# Couple new ones



## jerkin (Apr 3, 2008)

Hey guys, I haven't posted anything for a while so I thought I'd share a few I just got finished.

The first one is a perch jerkbait with a twister tail. I don't have the tail on it in the pic but you can see the attachment at the rear. The scales came out a little heavy on it but they only really show when looking straight at it like in the pic. Other than that I'm pretty happy with it.
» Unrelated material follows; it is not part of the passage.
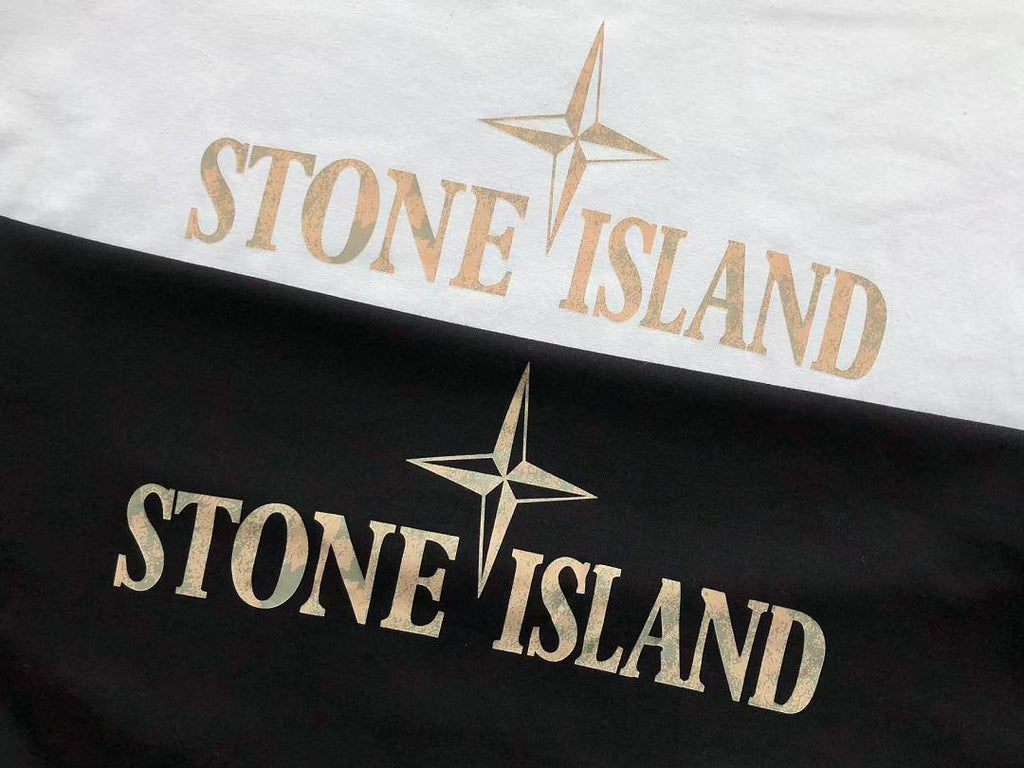 Stone Island Graphic T-Shirt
The second one is a 5" firetiger jerkbait

Third one is a 6" rainbow trout crankbait, kinda the shape of a tuffshad

The last one is my own pattern. It's a 5" crankbait with a short lip to help keep it up above the weeds shortline trolling. It has a fl. Yellow belly then the top half is dark green with metallic copper scales, back, and head. The colors really show nice in the water, I'm doing a jerkbait in the same color next. I have 2 more of the cranks in primer but not sure what color to paint them. I cut round lips for them just to see the difference. I'm hoping to get the boat out this weekend so I can see how they troll.

Thanks for looking.


----------



## triton175 (Feb 21, 2006)

I like the scales on the first one as well as the subtle stripes. Good job. Let us know how that last one with the short lip runs.

Brian


----------



## whittler (Feb 10, 2008)

Wow, I like them all but the firetiger is just a pure knockout. Great work.


----------



## fugarwi7 (Sep 20, 2006)

Man you got it going on now...I really like the color scheme on the first one...very nice!


----------



## jerkin (Apr 3, 2008)

Thanks for the compliments guys, I really appreciate it. Now if gas would drop about $2 a gallon maybe I could afford to fish them! One thing I forgot to add was this was my first time working with cherry and poplar. My family owns a 20 acre lot out here in W. PA. and my uncle cut down a few trees and had a guy with a portable lumber mill come in and cut them for him a few years ago. He came over a few weeks ago and gave me about 20'x4"x3/4" of poplar and about 10'x6"x3/4" of cherry.

It was a pain to have to figure out the weight placement again for everything with the new wood but overall I'm pretty happy with it. The cherry is nice and heavy like the maple I was using for my jerkbaits and the poplar seems to work well with the cranks. For some reason I was getting a smoother finish with the cedar but I'll just have to etex everything before paint from now on.


----------



## TIGGER (Jan 17, 2006)

Very very nice my friend! I love all those color patterns! I think that top one is pretty neat!

JOhn


----------



## vc1111 (Apr 13, 2004)

The firetiger get my vote for favorite. It will be bashed. There will be violence.


----------